Other famous quotes comes to mind that politicians seldom use when whitewashing Dr. King’s legacy.
Shortly before his assassination, and after securing voting and housing rights for Black Americans, Dr. King began to speak more about what he called the evils of capitalism, materialism and militarism.
He explicitly condemned capitalism as “exploitation” of Black enslaved people and the poor, and he advocated for a “radical redistribution of political and economic power.”
“And when White Americans tell the Negro to lift himself by his own bootstrap, they don’t look over the legacy of slavery and segregation,” Dr. King said.
“Now, I believe we ought to do all we can and seek to lift ourselves by our own bootstraps. But it’s a cruel jest to say to a bootless man that he ought to lift himself by his own bootstraps.
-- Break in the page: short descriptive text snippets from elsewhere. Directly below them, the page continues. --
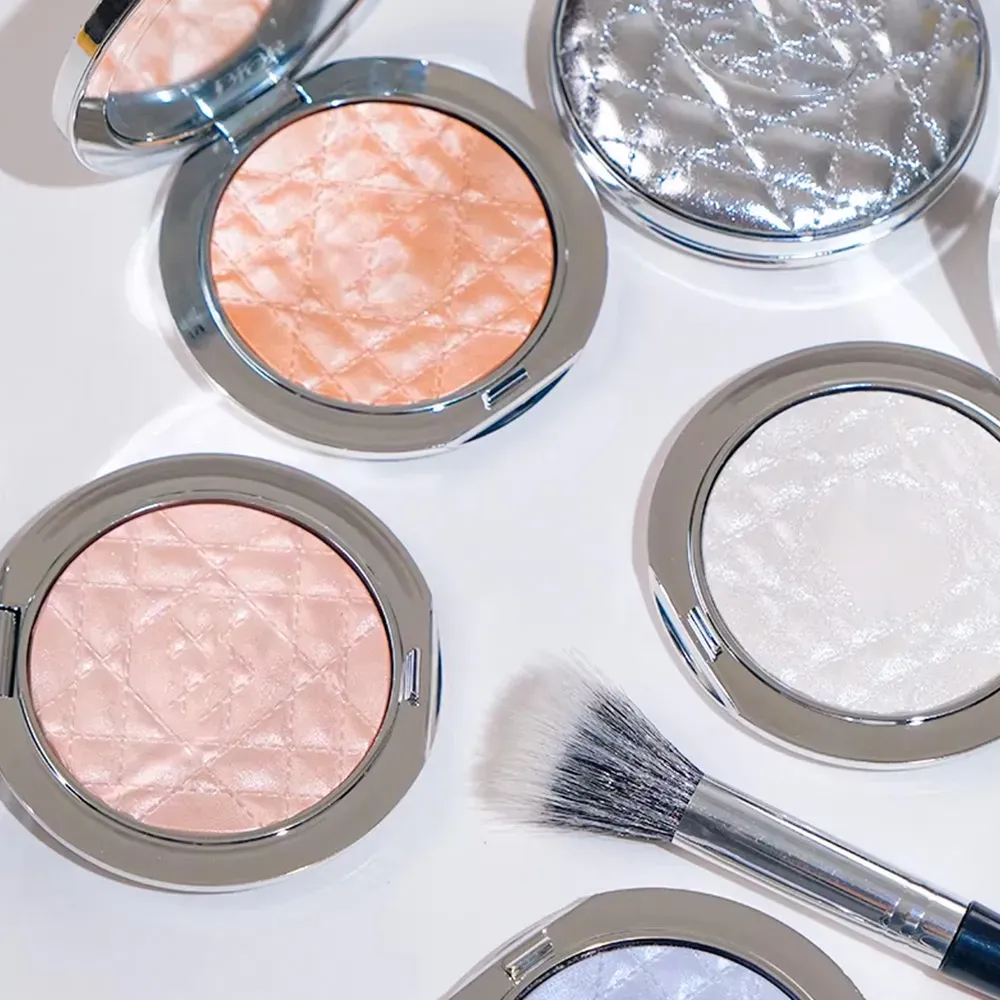 Face Blush Palette Single Color Rosy Glow Color-Reviving Powder Blush Natural Healthy Glow Effect Long Lasting Makeup Cosmetics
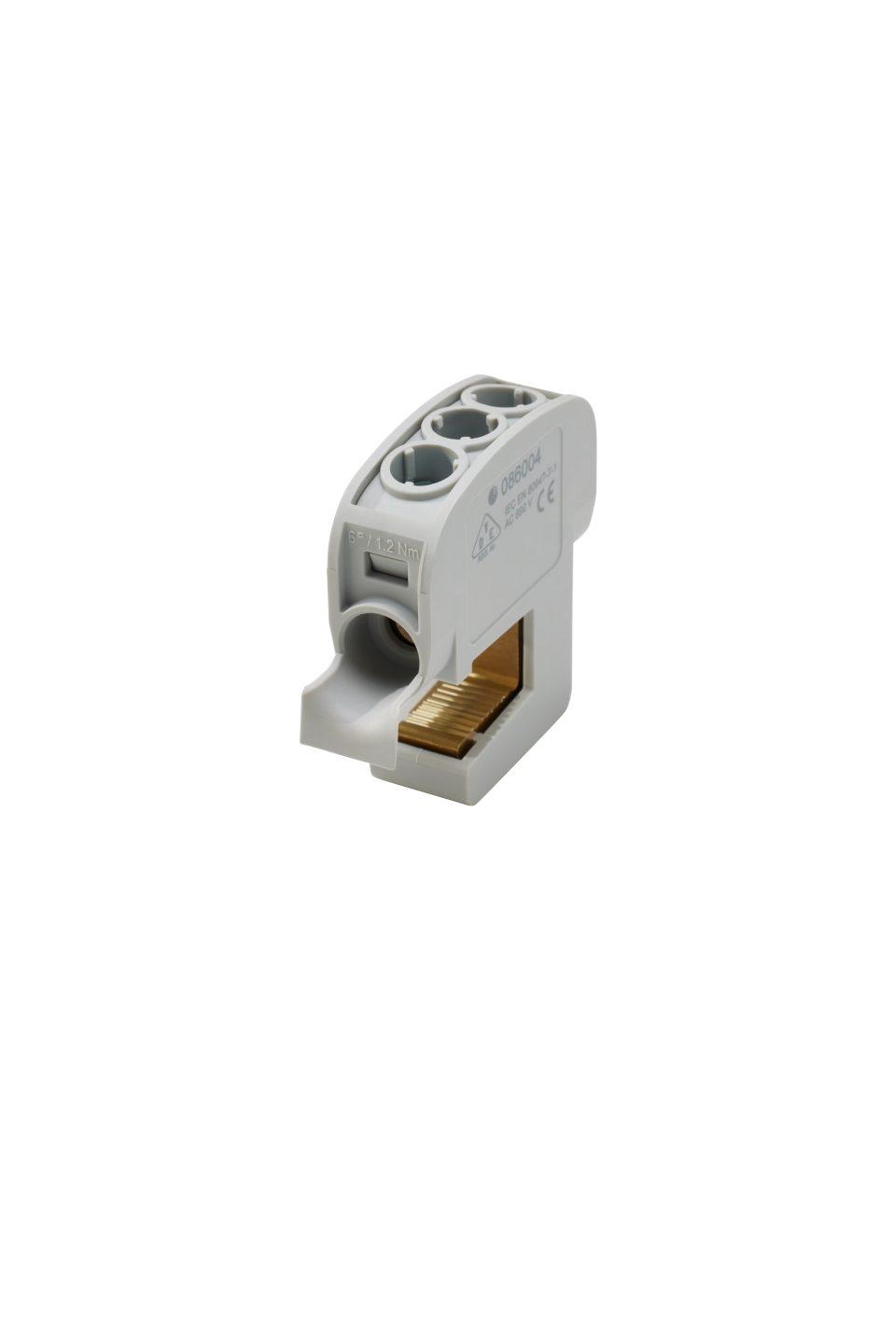 Conductor connection terminal SSAK 6 grey
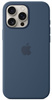 Etui Silikonowe Apple iPhone 16 Pro Max Denim Granatowy MYYU3ZM/A MagSafe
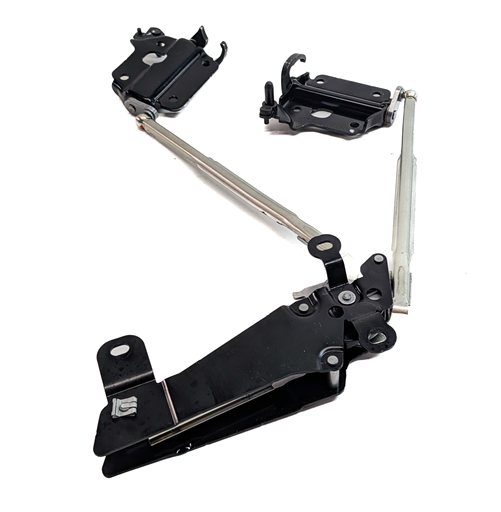 Thumbnail 3: 2015 MERCEDES E400 (A207) CONVERTIBLE TOP LOCK LATCH ASSEMBLY SET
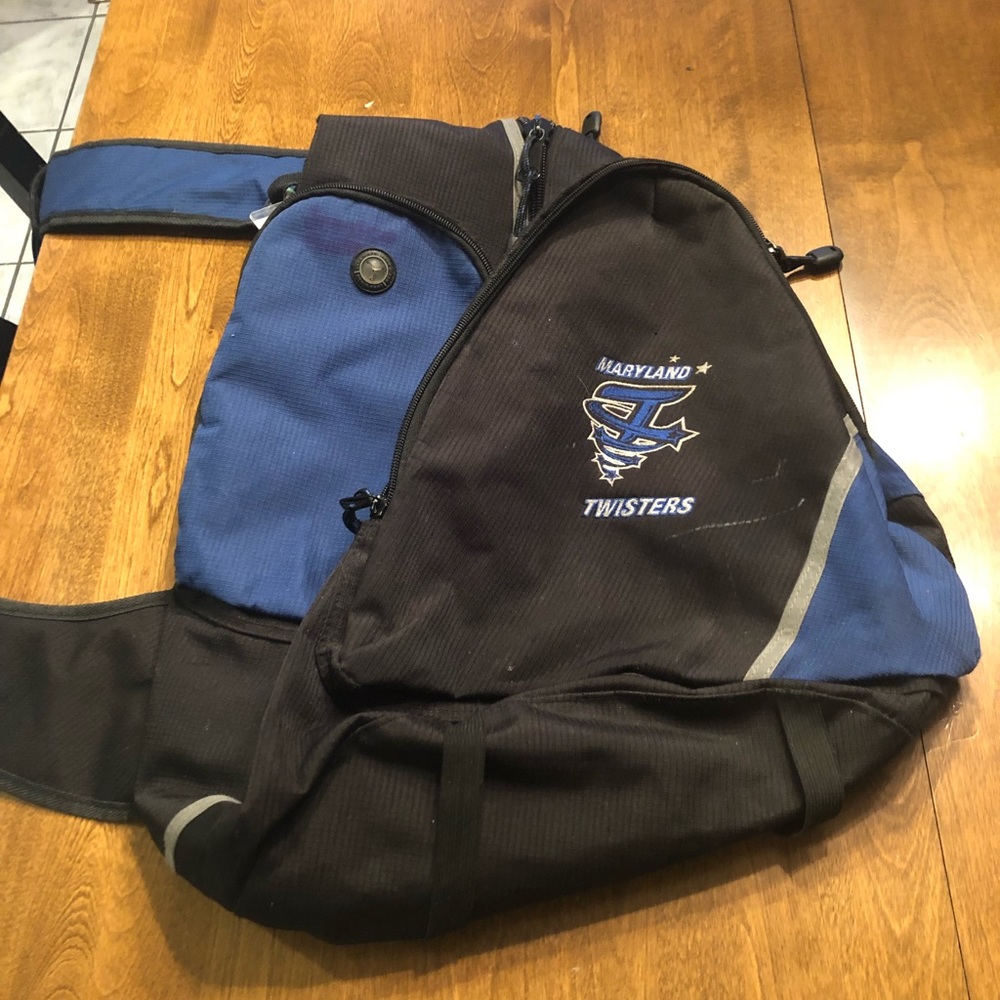 Over the shoulder gym bag, Maryland Twisters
And many Negroes by the thousands and millions have been left bootless as a result of all of these years of oppression and as a result of a society that deliberately made his color a stigma and something worthless and degrading.”
House Speaker Mike Johnson has history of ignoring facts
In his revisionist response to the idea of reparations, House Speaker Mike Johnson, when he was just a representative in 2019, urged Black Americans to pull themselves up by their bootstraps.
“Frederick Douglass, Booker T. Washington, W.E.B. DuBois, and many others. All of them were saying, in their different ways, that African-Americans were not powerless to better their lives until America owned up to its historical sins and offered them a generous financial settlement. The point is as important today as ever,” Rep. Johnson said.
Unsurprisingly, he insinuated that White Americans had already pulled themselves up without government aid and compared reparations to a government handout that weakens Black people’s independence.
Dr. King: “Coming to get our check”
Why is it that White Americans opposed to reparations always seem to willfully ignore the government handouts that built this country? Slavery itself was a government handout, allowing human beings to buy, sell and trade other human beings for profit.
Enslavers who were forced to remove the shackles of bondage after the Civil War were compensated by the U.S. government.
White settlers who traveled from the South to Indian Territory (Oklahoma) were granted the freedom to claim land for themselves in an effort to populate the plains. That was a government handout, too.
Despite the misrepresentation of facts from politicians like House Speaker Mike Johnson, who likely would’ve opposed him during his lifetime, Dr. King made his stance on reparations crystal clear.
“They are the very people telling the Black man that he ought to lift himself by his own bootstraps. This is what we are faced with, and this is the reality,” Dr. King said.
“Now, when we come to Washington in this campaign, we’re coming to get our check.”
Ultimately, it’s unclear whether Rep. Johnson’s views have changed when it comes to reparations. But if they’re any indicator of his current beliefs, Americans can expect more gaslighting and denials of truth from the 56th United States House Speaker.